Scraped caption text data
————

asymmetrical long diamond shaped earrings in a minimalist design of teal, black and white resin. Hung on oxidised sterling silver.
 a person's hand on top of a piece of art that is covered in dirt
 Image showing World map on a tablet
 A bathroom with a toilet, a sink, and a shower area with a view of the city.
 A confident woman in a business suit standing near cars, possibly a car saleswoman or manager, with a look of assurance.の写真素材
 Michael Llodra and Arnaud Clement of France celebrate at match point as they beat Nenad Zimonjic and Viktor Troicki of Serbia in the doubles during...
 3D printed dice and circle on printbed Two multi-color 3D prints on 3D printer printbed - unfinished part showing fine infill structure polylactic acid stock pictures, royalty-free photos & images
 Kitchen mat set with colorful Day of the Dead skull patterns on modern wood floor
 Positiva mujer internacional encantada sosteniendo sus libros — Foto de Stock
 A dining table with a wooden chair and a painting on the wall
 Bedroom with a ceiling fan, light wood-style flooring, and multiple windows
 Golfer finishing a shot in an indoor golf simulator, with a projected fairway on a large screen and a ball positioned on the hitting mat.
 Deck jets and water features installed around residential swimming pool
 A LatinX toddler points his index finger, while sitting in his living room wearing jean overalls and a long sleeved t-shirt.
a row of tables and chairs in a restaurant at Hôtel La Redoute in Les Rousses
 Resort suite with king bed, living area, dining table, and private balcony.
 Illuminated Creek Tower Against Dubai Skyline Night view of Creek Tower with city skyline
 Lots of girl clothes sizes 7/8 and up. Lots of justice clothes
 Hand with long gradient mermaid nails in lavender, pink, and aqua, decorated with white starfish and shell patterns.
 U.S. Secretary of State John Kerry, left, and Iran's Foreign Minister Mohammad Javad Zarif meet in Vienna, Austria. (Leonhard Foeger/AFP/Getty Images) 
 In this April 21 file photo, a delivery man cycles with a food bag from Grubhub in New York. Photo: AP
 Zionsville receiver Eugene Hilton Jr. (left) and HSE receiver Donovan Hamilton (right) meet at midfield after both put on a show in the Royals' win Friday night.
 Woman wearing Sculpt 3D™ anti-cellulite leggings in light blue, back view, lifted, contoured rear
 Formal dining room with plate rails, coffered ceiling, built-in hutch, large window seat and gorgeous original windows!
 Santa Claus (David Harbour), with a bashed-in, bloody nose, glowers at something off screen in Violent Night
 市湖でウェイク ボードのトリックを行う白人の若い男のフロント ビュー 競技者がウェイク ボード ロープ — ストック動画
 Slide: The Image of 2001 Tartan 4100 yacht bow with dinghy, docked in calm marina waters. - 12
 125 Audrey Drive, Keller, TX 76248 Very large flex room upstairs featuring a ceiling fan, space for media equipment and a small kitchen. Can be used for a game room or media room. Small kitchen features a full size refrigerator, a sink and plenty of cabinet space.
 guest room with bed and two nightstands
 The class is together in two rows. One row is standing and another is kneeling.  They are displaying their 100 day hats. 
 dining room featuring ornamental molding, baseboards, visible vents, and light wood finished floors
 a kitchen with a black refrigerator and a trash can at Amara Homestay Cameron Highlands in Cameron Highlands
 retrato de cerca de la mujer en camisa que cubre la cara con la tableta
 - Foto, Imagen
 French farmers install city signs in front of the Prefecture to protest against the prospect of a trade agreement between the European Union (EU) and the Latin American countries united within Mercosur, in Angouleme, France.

————

To do:
Scan the entries above for the string "standing" and copy each line containing it.

Task output:
 A confident woman in a business suit standing near cars, possibly a car saleswoman or manager, with a look of assurance.の写真素材
 The class is together in two rows. One row is standing and another is kneeling.  They are displaying their 100 day hats. 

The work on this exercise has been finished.